25/12/2003

DIÁRIO DE BORDO: Parábola hiperbólica do Bem Mandado.

Preparava-me para resistir heroicamente ao Natal e ao seu cortejo de rendições ao consumo e a outros valores decadentes (reflexões xaroposas sobre «a vida», «intimismo», «confessionalismos fúteis»), devidamente fortalecido com o exemplo d’A Praia, quando tomo conhecimento por email de Ivan Nunes que faltava um aqui na sua frase parcialmente citada ali. Esse aqui reduziu a esplêndida resposta metafísica e radical d’A Praia, por mim imaginada, a uma trivial auto-ironia e a um confessado baquear às rabanadas, aos presentes e às xaropadas em geral.
Perdido o exemplo, deixei-me, também eu, sucumbir alarvemente. Espreitei para dentro dos embrulhos dos presentes, mergulhei nas rabanadas, atulhei-me de farófias e filhoses.
Como sempre acontece no final das libações, as minhas raízes judaico-cristãs trouxeram, com a digestão agitada, a culpa e o remorso. Envergonhado, escondi-me num sofá, peguei distraidamente num exemplar da Única (o 327º anexo do semanário do saco de plástico), fingi que estava a ler e afundei-me numa soneca, embalado pela ensurdecedora algaraviada dos impertinentes mais pequenos.
Quando acordei pousaram-me os olhos na página aberta - a nº 36. Um nome familiar irrompeu da floresta de letras desfocadas. Procurei os óculos caídos. Lá estava: LARGO DO LEÃO. Tratava-se dum artigo sobre o pediatra Gomes Pedro que, fiquei a saber, tinha andado na escola primária do Largo do Leão, precisamente a mesma onde, uns anos depois do pediatra, aprendi quase tudo o que interessa. Aprendi a fazer contas de cabeça, a ler e, um grande e, a escrever, com esforço, mordendo a língua e molhando o lápis, mas a escrever. Com um pequeno exagero, direi até, quero dizer escreverei, que o Impertinente nasceu para as letras no Largo do Leão e que as Impertinências encontram lá as suas raízes.

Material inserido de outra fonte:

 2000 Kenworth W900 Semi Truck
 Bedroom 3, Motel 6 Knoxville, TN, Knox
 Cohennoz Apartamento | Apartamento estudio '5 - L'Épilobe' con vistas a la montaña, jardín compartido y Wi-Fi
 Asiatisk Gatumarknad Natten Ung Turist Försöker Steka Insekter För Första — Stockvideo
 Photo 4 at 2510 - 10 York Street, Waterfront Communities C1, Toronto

Ainda mal refeito da soneca, flutuando no limbo da semiconsciência, passeei a preguiça do sofá para o escritório e lá fui dar a minha volta pela Bloguilha. Varei n’A Praia para confirmar o aqui. Lá estava. Não sou o único pecador, pensei aliviado. Deixei-me arrastar pelos ventos e atraquei no cais do Armazém de Artes e Letras do Abrupto. Procurei o presépio pendurado. Não estava. Em vez do presépio, uma natureza morta. Mergulhei por entre posts, que no dia 23 foram numerosos, até ser atraído pela BIBLIOFILIA 6 - uma referência, inevitavelmente erudita, ao ensaio de Eduardo Pitta A Fractura. A condição homossexual na literatura portuguesa contemporânea, onde, pelos vistos, a voz dos pederastas na literatura se apresenta como uma “ética da desobediência”.
Alguma sinapse freudiana no cérebro impertinente ligou a “ética da desobediência” ao Largo do Leão.

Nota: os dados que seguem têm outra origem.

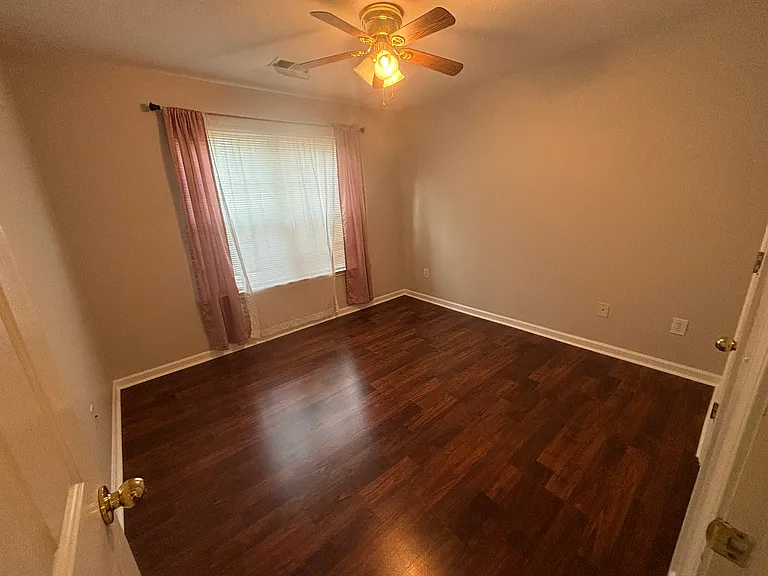 644 Grover Dr — Photo 33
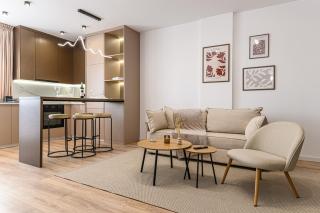 Matisse Coresi Apartment with Free Private Parking - 0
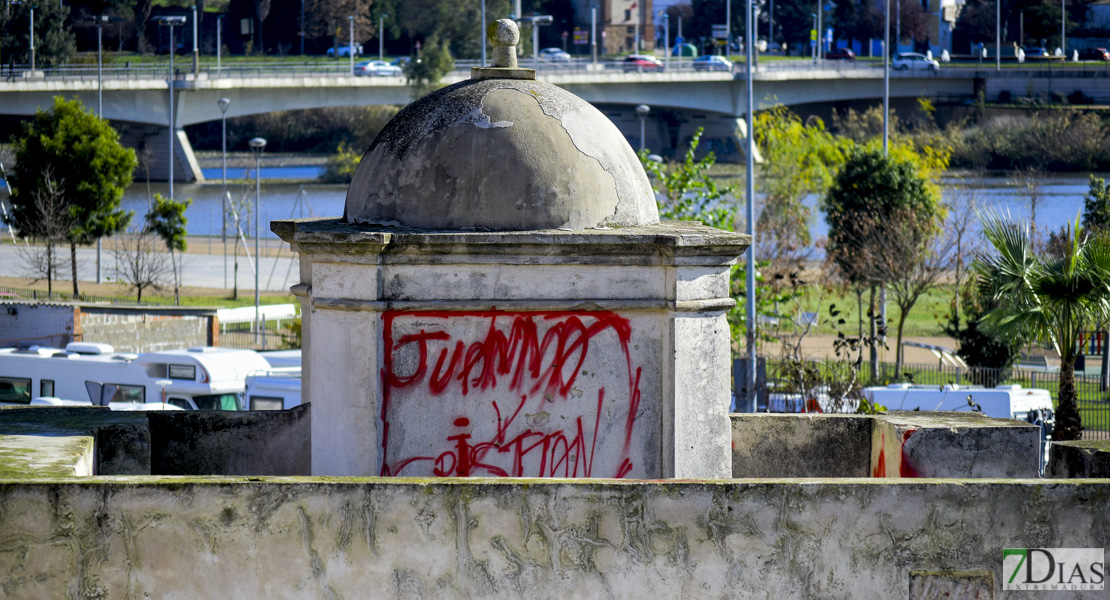 Identifican a un menor de edad por realizar pintadas al hornabeque del Puente de Palmas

Foi também lá, no Largo do Leão, que me iniciei no sexo. Não na prática do mesmo, que a idade não permitia, mas na introdução à sua teoria infantil, por assim dizer.
Foi ainda lá, na Escola Primária nº não sei quantos, que, pela primeira de muitas centenas de vezes nos anos seguintes, ouvi um daqueles garotos “de pé descalço” como recordou o pediatra, mandar imperativamente uma das pequenas criaturas que povoavam a nossa aula da 2ª classe: “vai levar no cu”. Essa pequena criatura cresceu e, por uma improvável e inexplicável coincidência (feliz? Infeliz?), algures na adolescência, se não antes, começou obedientemente a cumprir o imperativo mandato. Tão bem o fez, que passou a ser conhecido por o “Bem Mandado”, em homenagem a esse episódio remoto.
Foi por isso que a alusão do Pitta, citada pelo Abrupto, à “ética da desobediência” a propósito dos pederastas, na literatura portuguesa ou em qualquer outro lugar, me pareceu, ainda mal refeito da soneca agitada pela digestão das rabanadas, completamente infundada.